Autre officier ayant suivi un stage en Russie, le colonel Malick Diaw était le chef adjoint du camp Soundiata Keïta, à Kati. Celui d’où est parti la « mutinerie ». Il est désormais le « vice-président» du CNSP.
Le dernier officier à avoir été identifié est le colonel Assimi Goita. Dans une courte déclaration devant la presse faite après avoir rencontré les hauts fonctionnaires maliens au ministère de la Défense, il s’est, en effet, présenté comme étant le « président du Comité national pour le salut du peuple »,
« Le Mali se trouve dans une situation de crise sociopolitique, sécuritaire. Nous n’avons plus le droit à l’erreur. Nous, en faisant cette intervention hier, nous avons mis le pays au-dessus [de tout], le Mali d’abord », a déclaré le colonel Goita. « Il était de mon devoir de rencontrer les différents secrétaires généraux pour que nous puissions les assurer de notre soutien par rapport à la continuité des services de l’Etat », a-t-il expliqué. « Suite à l’événement d’hier [18/08] qui a abouti au changement de pouvoir, il était de notre devoir de donner notre position à ces secrétaires généraux pour qu’ils puissent travailler », a-t-il insisté.

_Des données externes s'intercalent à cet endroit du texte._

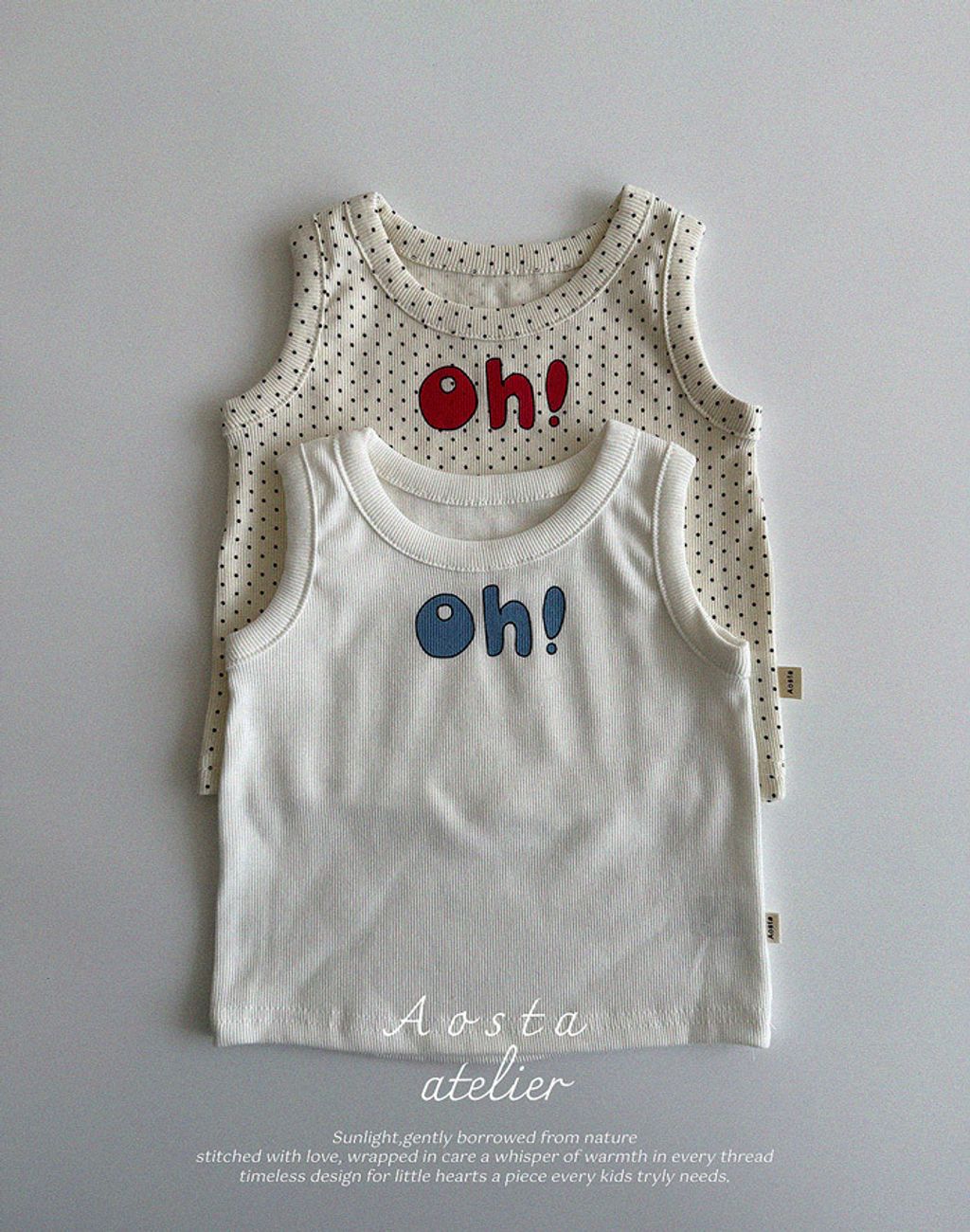 OSTR52FRX040840_110K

Les informations sur cet officier sont parcellaires. On sait qu’il était le commandant du Bataillon autonome des forces spéciales et centres d’aguerrissement, créé en mai 2018. Cette unité travaille régulièrement avec les forces américaines, en particulier dans le cadre des exercices « Flintlock ». C’est d’ailleurs à l’occasion de l’un d’entre-eux que le colonel Goita a fait parler de lui dans un article publié sur le site Internet de l’organisation « Spirit of America », proche du Pentagone et du département d’État. Sur les réseaux sociaux, il est dit que le colonel Goita a pris part aux combats de Boulikessi [30 septembre 2019] et qu’il a été fait prisonnier en 2012 à Tinzawatene, dans le nord du Mali, par le Mouvement national de libération de l’Azawad [MNLA, rébellion touarègue], avant d’être libéré grâce à l’imam Dicko.

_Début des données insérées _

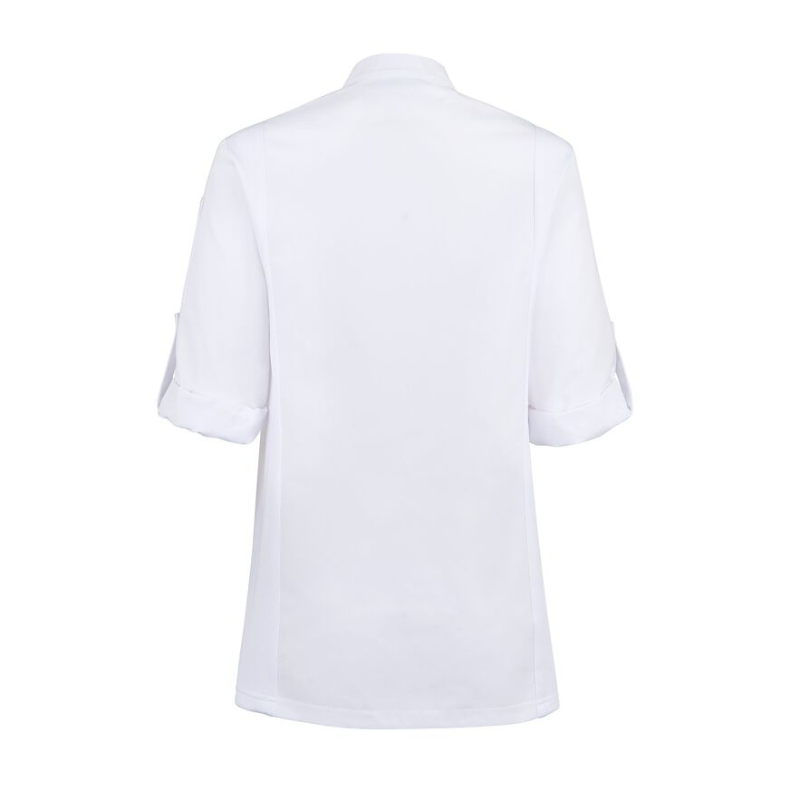Veste femme DOLINA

Même s’il assure n’avoir aucune ambition politique, il reste à voir dans quelle mesure ce dernier a influencé le coup d’État contre le président Keïta, auquel il s’opposait vigoureusement après l’avoir soutenu. En attendant, le coup d’État va compliquer grandement la tâche des militaires et des diplomates français au Sahel.
Reste que le putsch envoie de mauvais signaux. Au Sahel, certaines forces armées ont subi des réformes, quand elles n’ont pas été sciemment affaiblies, pour éviter de les voir se lancer dans un coup d’État [comme cela s’est produit à plusieurs reprises par le passé, comme encore en 2015, au Burkina Faso, ndlr]. Ce qui explique en partie la progression des groupes terroristes dans la région. Or, justement, l’un des aspects de la stratégie française est de développer les capacités de ces forces armées locales pour qu’elles puissent assurer seules le combat contre les groupes armés terroristes [GAT]… Qu’en sera-t-il désormais?
Enfin, au-delà des aspects opérationnels, notamment au niveau des relations avec le G5 Sahel et sa force conjointe, le coup d’État malien va sans doute refroidir les partenaires européens de la France [qui n’étaient d’ailleurs pas déjà « très chaud »] à s’impliquer davantage au Sahel, en particulier de la force Takuba.